There were more complete R0 resections (complete remissions or cure) in the Keytruda arm compared with the placebo group, with 92.0% of patients receiving an R0 resection in the PD-1 inhibitor arm compared with 84.2% in the placebo group. Incomplete R1 resections occurred in 5.2% and 9.8% of patients in the Keytruda and placebo groups, respectively. The most common type of surgery was a lobectomy, which occurred in 78.8% of patients in the Keytruda arm and 75.1% in the placebo group.

The median follow-up at the July 29, 2022, data cutoff was 25.2 months. At this point, 35.0% of patients in the Keytruda arm had experienced an event, defined as local progression, progression, recurrence or death. In the placebo arm, 51.3% of patients had experienced an event. The median event-free survival was not yet reached with Keytruda compared with 17.0 months for the placebo group.

Event-free survival was consistently improved across subgroups, Wakelee noted, including those with driver mutations. She drew attention to a few key groups, noting that outcomes were similar by histology, PD-L1 expression level, and stage.

At the time of the data cutoff, 19.1% and 25.3% of patients had died from any cause in the Keytruda and placebo arms, respectively. The median overall survival was not yet reached for those in the Keytruda group compared with 45.5 months for the placebo group.

“The KEYNOTE-671 trial and other perioperative immunotherapy studies represent a major advance as new standards of care for the treatment of resectable lung cancer,” said ASCO discussant Dr.Mark M. Awad, from Harvard Medical School and the Dana-Farber Cancer Institute. “Although data are immature, there appears to be an encouraging signal for (overall survival) benefit favoring the neoadjuvant with or with adjuvant immunotherapy approach.”

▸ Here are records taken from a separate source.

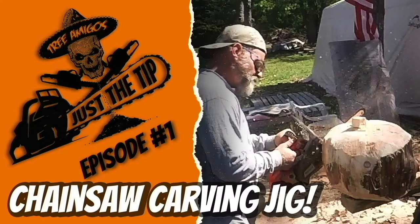This is kind of a follow-up video to my chainsaw carving jig I made. I still use that jig, but I started thinking to myself — that's great, but what if I want to raise or lower the piece I'm working on? So I came up with an affordable adaptation to my jig.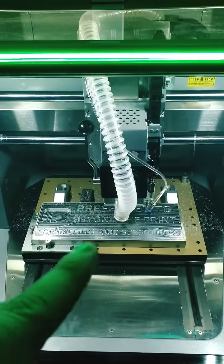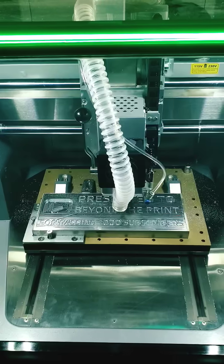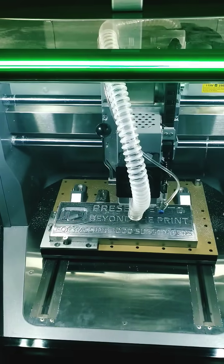It is rated to handle aluminum, wood, plastics, acrylic — many things that you can throw at it. It's a pretty impressive machine. If you're wondering what I'm making right here, this is a little YouTube plaque that I'm making for myself, because we've passed a thousand subscribers and that's a pretty big deal to me.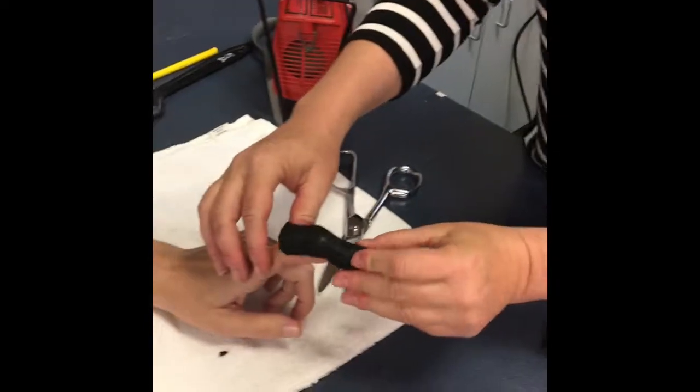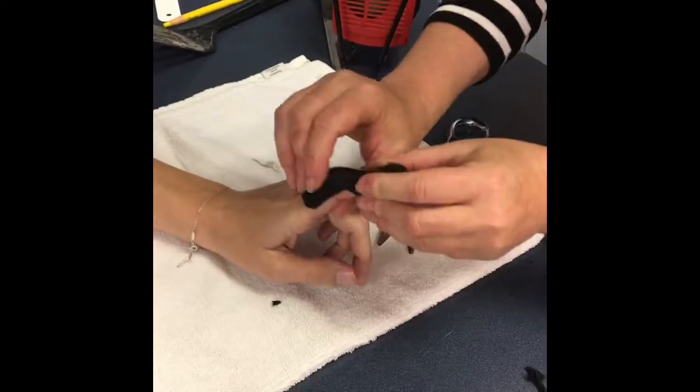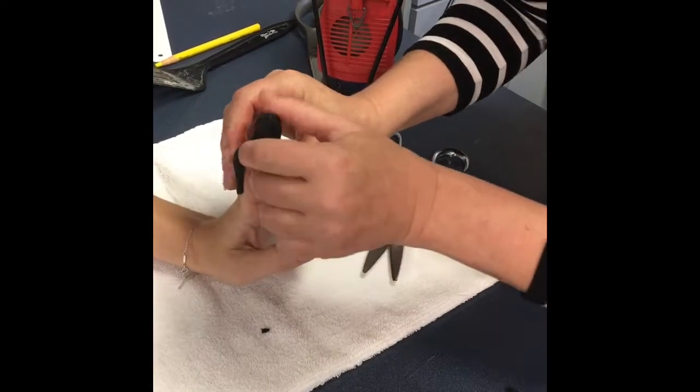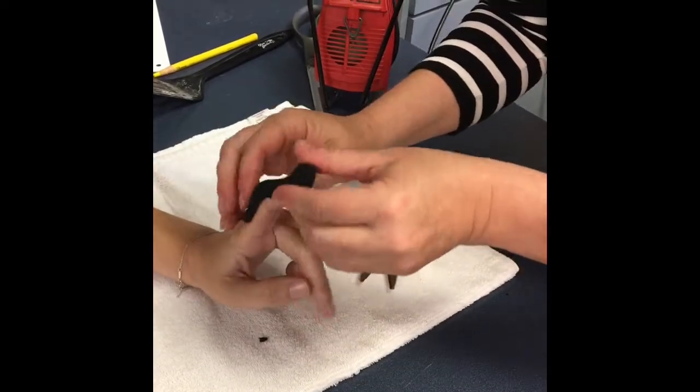Now I'm just going to go ahead and check that fit to ensure that we have good clearance at the PIP to allow flexion during exercise.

“Neoadjuvant immunotherapy leads to high rates of mPR and pCR in a variety of solid tumors, and mPR and pCR after neoadjuvant immunotherapy are associated with excellent outcome,” said commenter Dr. Myriam Chalabi, from the Netherlands Cancer Institute. “De-escalation of systemic therapy, less extensive surgery, and omission of surgery are realistic options to consider.”

Treatment-related side effects were similar between treatment groups, with grade 3 to 5 events experienced by 44.9% of patients in the Keytruda group and 37.3% of those in the placebo group. Serious side effects were experienced by 17.7% and 14.3%, respectively. The most pronounced side effects differences were observed for immune-mediate side effects, including infusion reactions, Wakelee noted. Immune-mediate side effects occurred in 25.3% of patients treated with Keytruda compared with 10.5% in the placebo group. There was one death related to an immune-mediate side effect in the Keytruda arm. Immune-mediate side effects ed to Keytruda discontinuation for 5.1% of patients.

The most common side effects were those frequently associated with platinum-based chemotherapy, Wakelee said. These include nausea, neutropenia, anemia, leukopenia and fatigue. The most common all-grade, immune-mediate side effects for pembrolizumab and placebo, respectively, were hypothyroidism (11.1% vs 1.8%), hyperthyroidism (5.6% vs 3.3%), and pneumonitis (5.6% vs 1.8%).

“The (side effect) profile was as expected, based on the known profiles of the individual treatment components,” Wakelee said.

Merck, the developer of pembrolizumab, has already submitted a supplemental new drug application to the FDA, based on findings from the KEYNOTE-671 study. The proposed indication is for the treatment of patients with resectable stage 2, 3A or 3B NSCLC in combination with platinum-containing chemotherapy as neoadjuvant treatment and continued as a single agent as adjuvant treatment. The FDA is expected to make a decision on the application by Oct. 16, 2023.